Thursday, September 17, 2009

WE ARE GETTING RIPPED OFF!

"The GOP only cares about costs when a government program is not lining the pockets of their corporate supporters."
- SJ of Random Thoughts, New York City -

"Tax the very wealthy to make everyone healthy!"
- Vigilante, Sozadee, CA -



Left click on diagram below to make it larger.

As you can plainly see, the percentage of our Gross Domestic Product we Americans pay to maintain our private, for profit "health care" system is 16%, far in excess of what all the nations below us on the chart pay with their supposedly more expensive "socialized medicine" systems. This is an outrage, considering that 15-30% of what we pay goes directly to health insurance and pharmaceutical company CEO salaries and perks, as well as for their advertising and administrative costs (including paying lobbyists ), and that our system does not provide the best across the board health care in the world for us. By contrast, our government-run VA, Medicare, and Medicaid systems' administrative costs add only a mere 4% to the cost of providing health care, and none of that lines anyone's pockets as huge salaries or excessively high profit. We are clearly getting ripped off by the current private, FOR PROFIT system, and this system MUST change!

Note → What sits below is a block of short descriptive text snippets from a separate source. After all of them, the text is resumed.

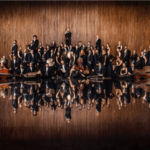 FESTIVAL DI LUBIANA: DAL FLAMENCO AI RITMI LATINI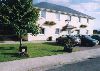 Killarney Selfcatering, 
The Booking Office, 
Killarney Haven/Rookery Mews,
Rookery Road,
Killarney,
Co. Kerry,
Irland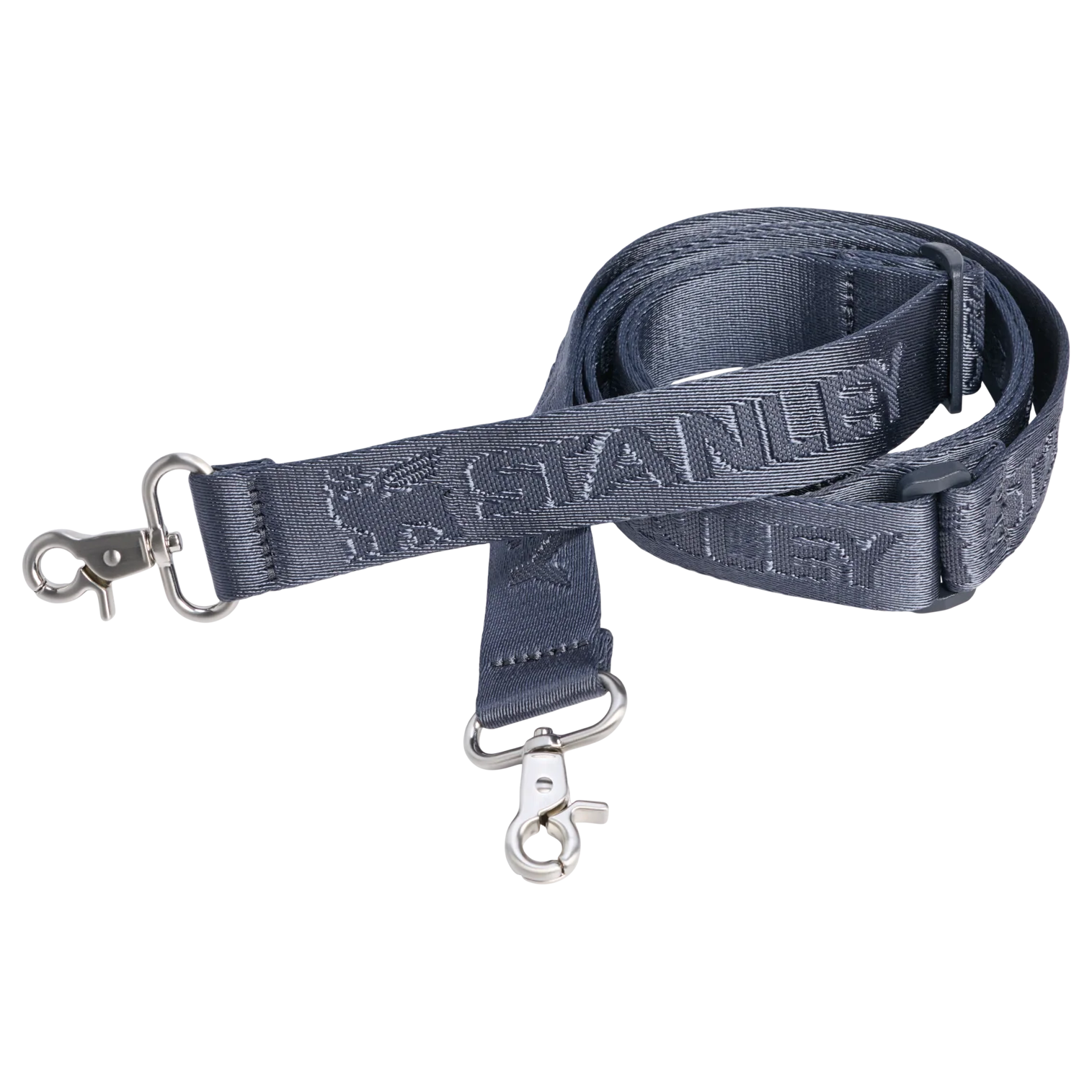 All Day Quencher Carry-All | 1.18L - Image 38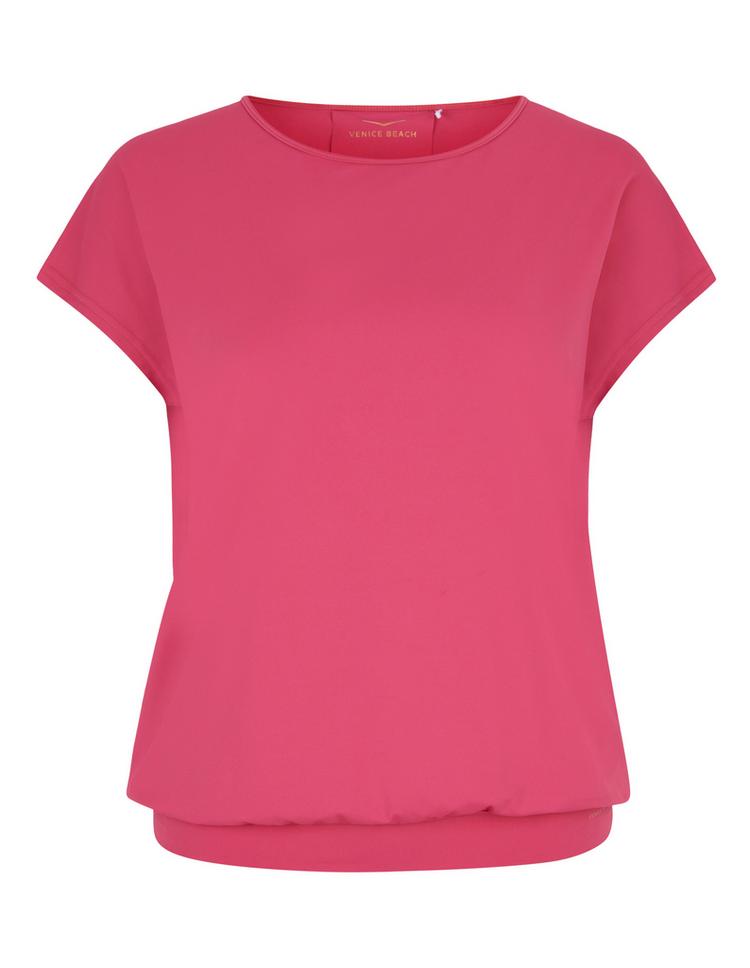 VENICE BEACH VENICE BEACH VB Ryah T-Shirt Damen - candy 505 - 15 | SportScheck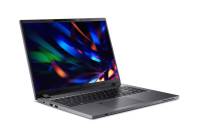 Подробнее о Acer TravelMate P2 TMP214-42-TCO-R67T Notebook Shale Black NX.B8NEX.002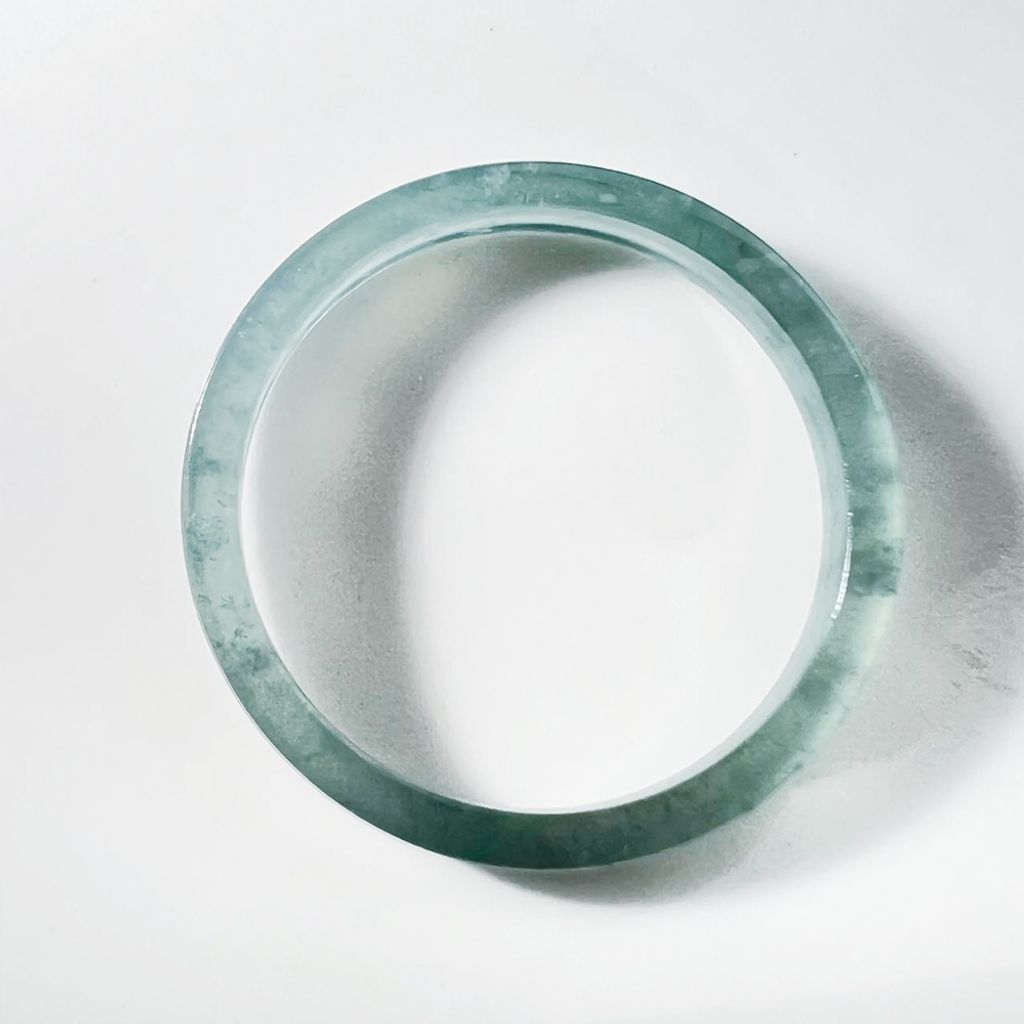 tw-11134207-7ra0i-mclo4tjb2ybjf0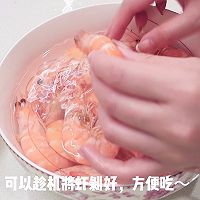 ڵͿ֬͵ͼƬ2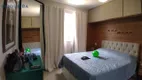 Foto 5 de Cobertura com 3 Quartos à venda, 105m² em Santa Terezinha, Juiz de Fora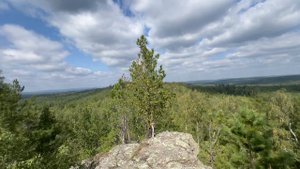 Прогулка Азов гора, Большая Лаваровка, Соколий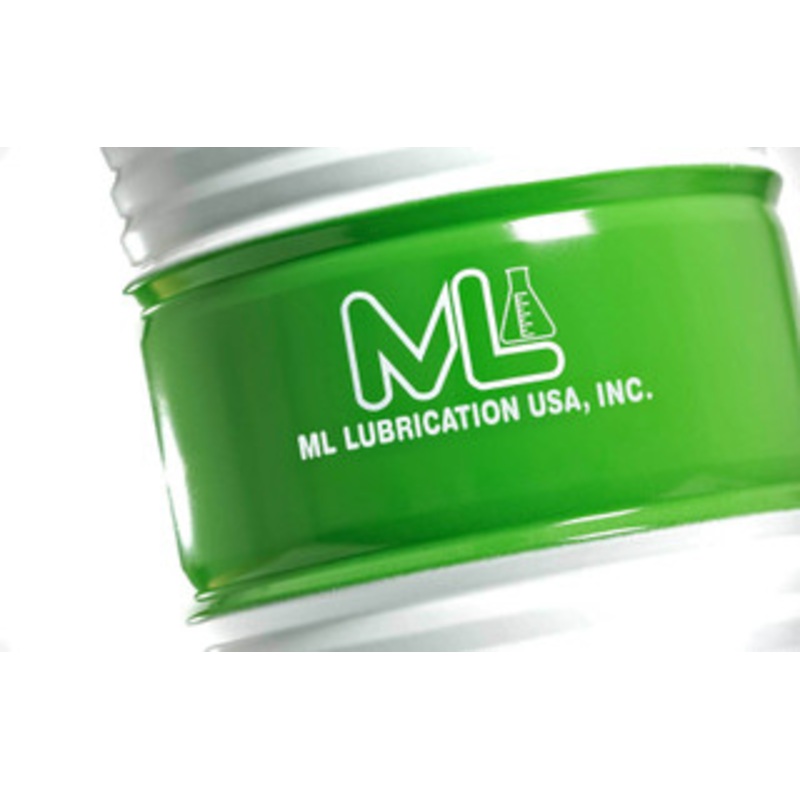 ML Lubrication Neat Oil, 5 Gal. Pail – ML-4470-5P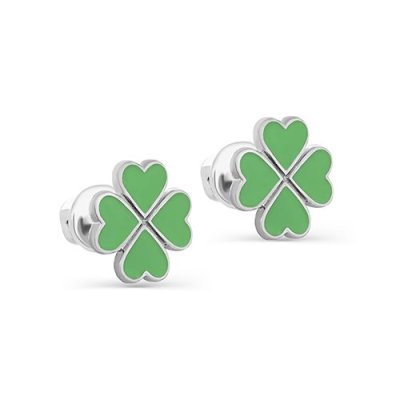 Серьги Кабаровский (Арт.2-031-0035)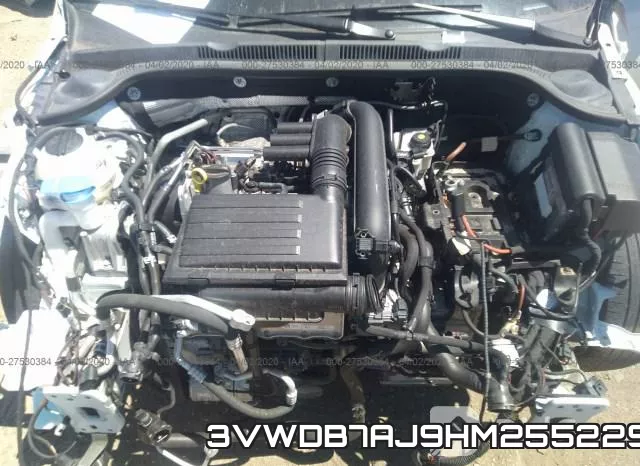 3VWDB7AJ9HM255229_10.webp
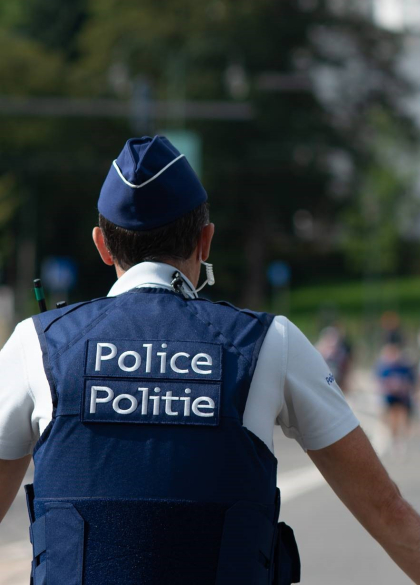 Présentation  1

According to a study prepared by Robert B. Helms, Resident Scholar at the American Enterprise Institute, in 1940 America, only 9% of the population had insurance coverage for medical expenses. After World War II, the rise of employer-paid or employer/employee-funded insurance benefit programs saw this figure jump to 62.2%, with an additional 6.8% carrying individually purchased coverage, and 17.5% receiving or co-covered with coverage through public programs. In 2006, a total of 18% had no coverage at all (roughly 1 in every 5.6 of us).

1 in every 6.5 of us now has no health care coverage at all. The number of uninsured is rising every day, yet so are CEO salaries, premium rates, co-pays, and deductibles, well above the rate of inflation. This is unjustifiable, indefensible, and MUST change as well!

In 1940, health insurance premiums took only 0.4% of disposable income.
By 1970, this figure had risen to 2.91%.
It is far higher today, now exceeding 10% for many of us.

According to the Henry J. Kaiser Family Foundation, health insurance premium costs have increased 97% since 2000, FAR ABOVE THE RATE OF INFLATION. In that same period, the level of worker contributions toward health insurance policy costs skyrocketed 107%, while their wage levels remained relatively flat. Many American small businesses have now found it increasinglydifficult or impossible to provide health care for their employees. Health care provider greed and inefficiency is eating up small business profit and workers' paychecks, This is unsustainable. A June 5, 2009 Science Daily report states that, in 2007 (prior to the current economic downturn), 60% of all bankruptcies in the U.S. had their origins in medically-related causes. One illness-related bankruptcy was occurring on an average of every 90 seconds! That number has surely risen since then, and this situation must come to a screeching halt! Yet health insurance and pharmaceutical executives keep raising their prices and continue to stuff their already overflowing wallets with cash, completely unchallenged.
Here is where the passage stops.